This is an editorialization of a Breakout Session presented by Tonya Schulte at Scaling New Heights on November 11, 2020. Tonya Schulte is founder of The Profit Constructors – a firm specializing in helping small to mid-sized construction contractors “play like one of the big boys.” She has been in construction accounting for over 20 years, Tonya is an Advanced Certified QuickBooks Online ProAdvisor, a Knowify Certified Advisor, a Certified Xero Advisor, and a Hubdoc Certified QBO ProAdvisor.
What is Percentage of Completion (POC) Accounting?
There are four methods of accounting in the construction industry: cash basis, accrual basis, completed contract, and percentage of completion. In the completed contract method, income and expenses are all recognized as received upon contract completion. This method offers tax liability deferral benefits, and it is the most conservative construction accounting method.
In the percentage of completion method, income and expenses are recognized based on a calculation of the percentage of the completion of the project. It offers similar tax deferral benefits to the completed contract method, but it has less risk of fluctuation resulting from the effects of tax regulation. With this method, the accounting justification relies largely on the matching principle: income and related expenses are to be recognized in the same period.

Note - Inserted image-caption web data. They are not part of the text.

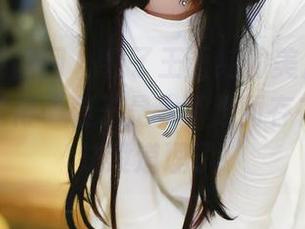 GIRLT果团网 – 看了王语纯的美足写真，再也不觉得“鞋子是为了脚而存在”的说法没道理了!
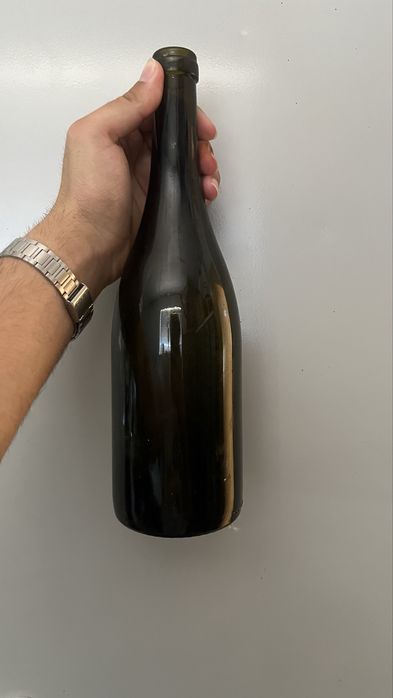 Garrafas de vinho vazias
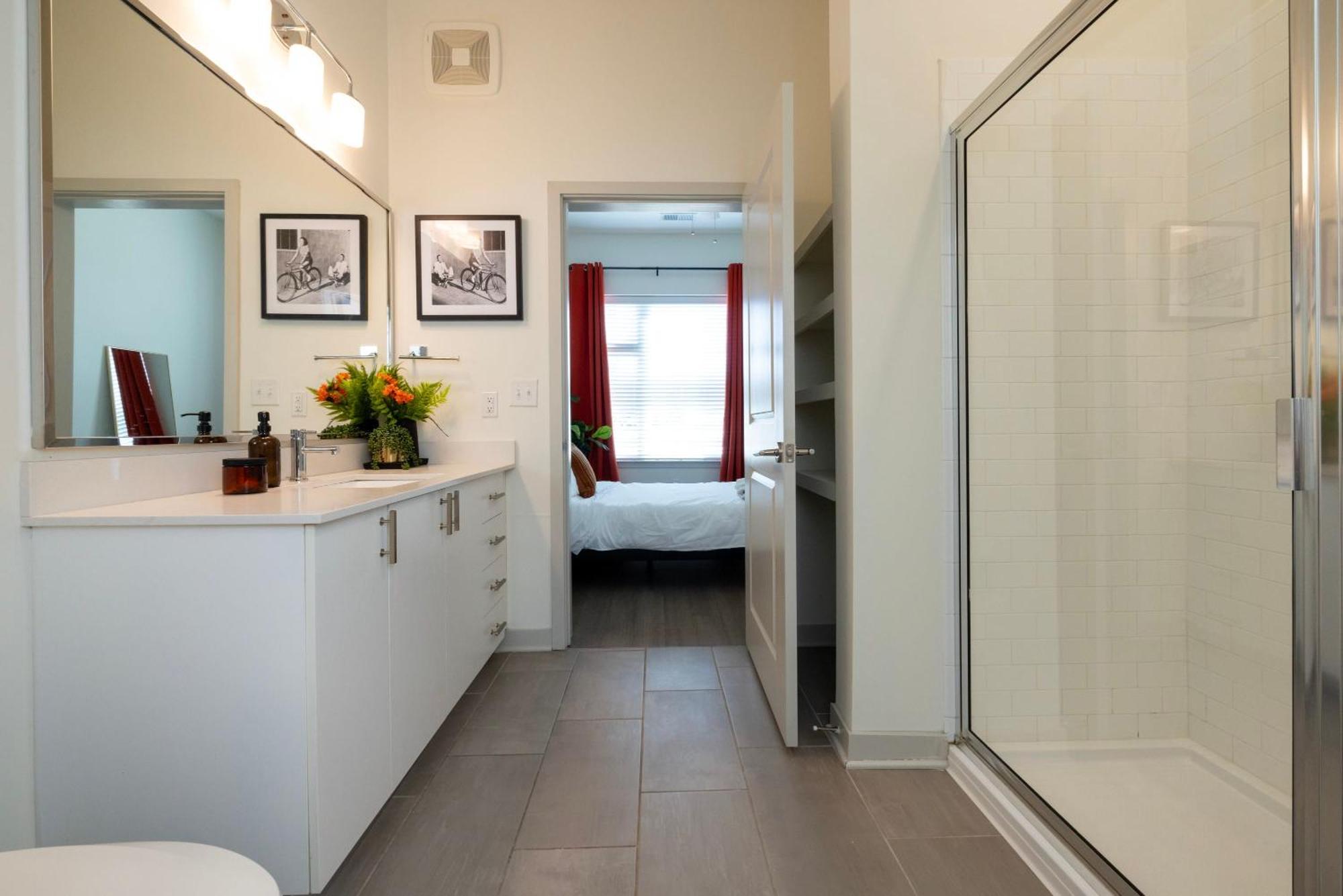 Apartment Two Stunning Nulu Cozysuites Louisville
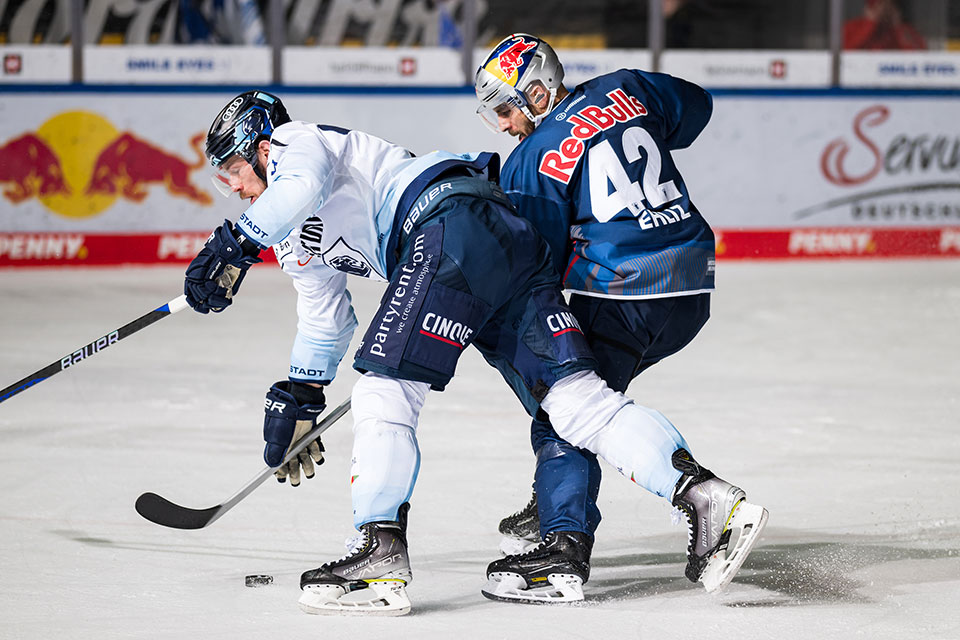 (Rechts im Bild) Yasin Ehliz von Red Bull Mnchen whrend des Spiels zwischen Red Bull Mnchen und dem ERC Ingolstadt.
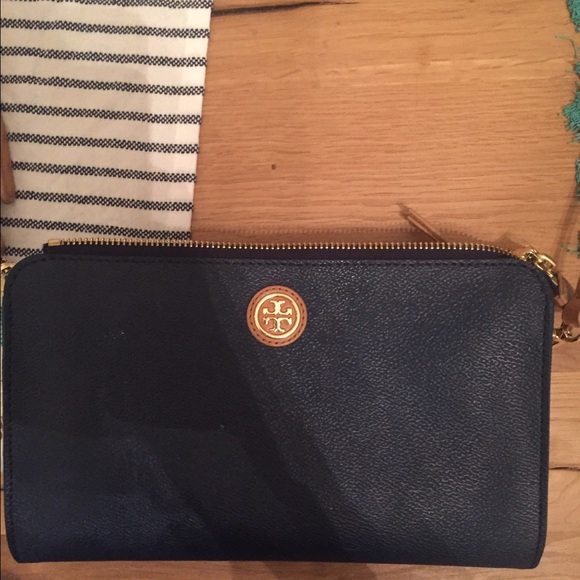 Tory Burch cross over - Picture 2 of 3
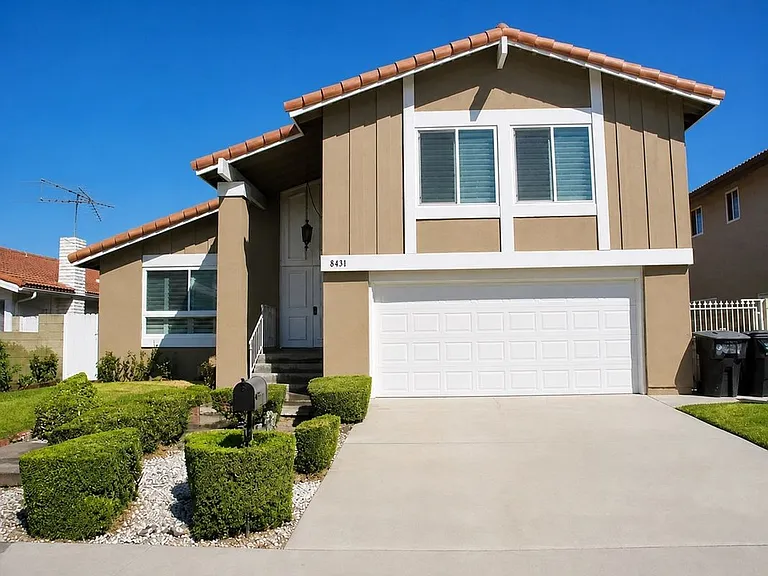 8431 Aspenwood Ave — Photo 2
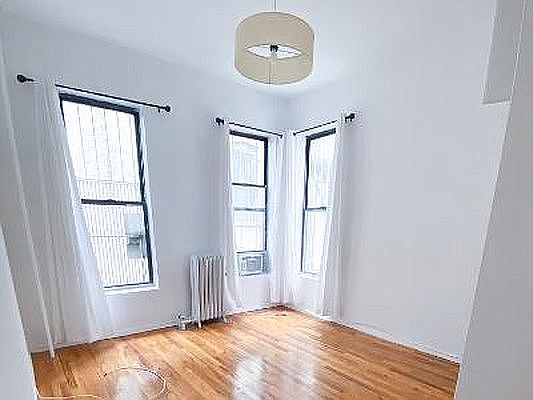 3rd image of 103 W 80th St #4A2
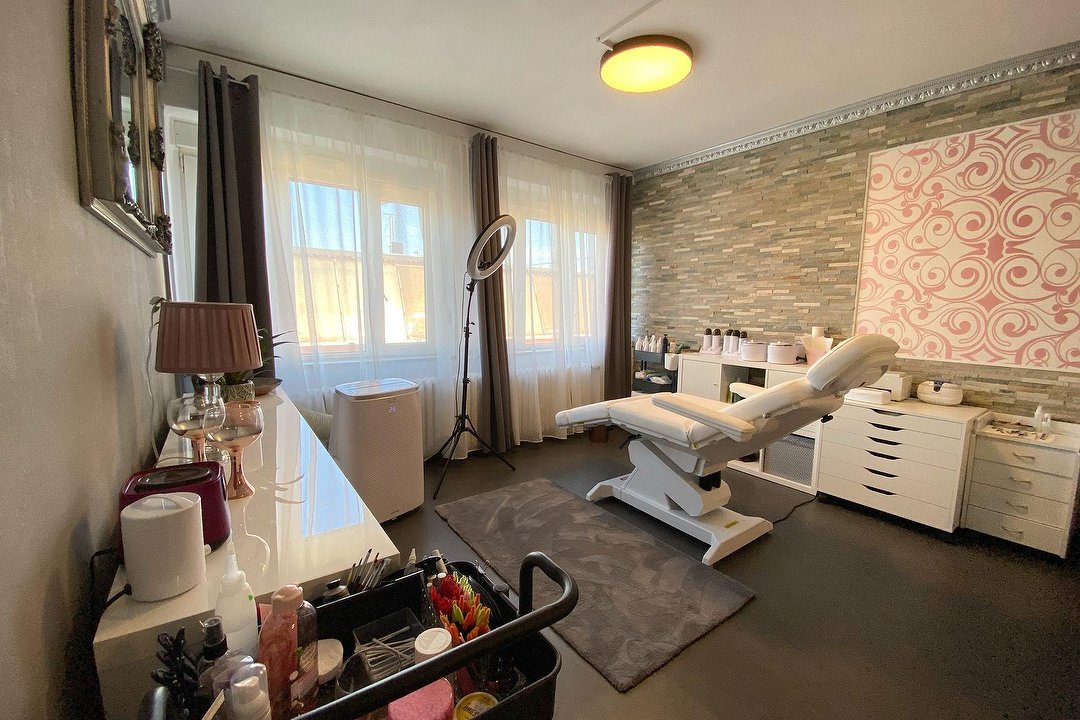 NATA’ SECRET Beauty Studio, Baden-Württemberg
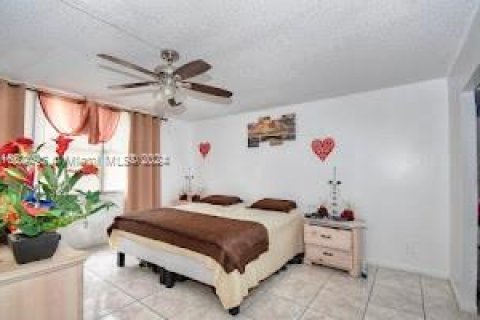 Condominio en venta en Lauderhill, Florida, 2 dormitorios, 102.19 m2 № 1345888 - foto 10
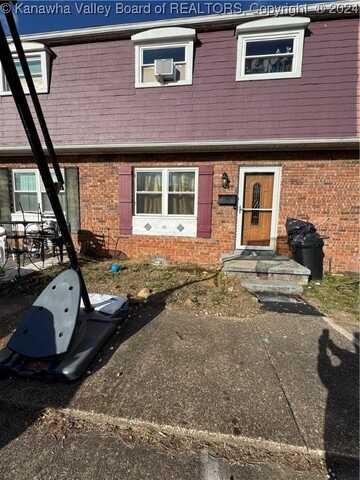 15 Broadway Gardens, Nitro, WV 25143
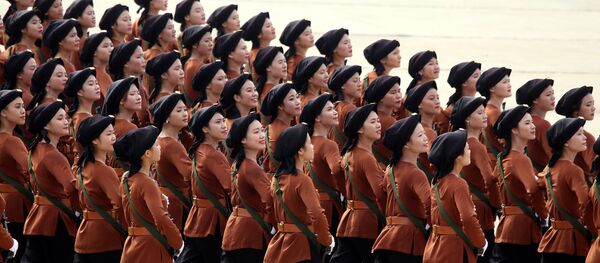 Nữ quân nhân quân đội Việt Nam trong cuộc diễu hành tại Hà Nội - Sputnik Việt Nam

When should your clients use the percentage of completion method? According to Financial Accounting Standards Board (FASB) Statement of Position (SOP) 81-1, the percentage of completion method should be used when:
- “estimates of costs to complete and extent of progress toward completion of long-term contracts are reasonably dependable.”
- “the business activity taking place supports the concept that in an economic sense performance is, in effect, a continuous sale (transfer of ownership rights) that occurs as the work progresses.”
- “both the buyer and the seller (contractor) obtain enforceable [lien] rights.”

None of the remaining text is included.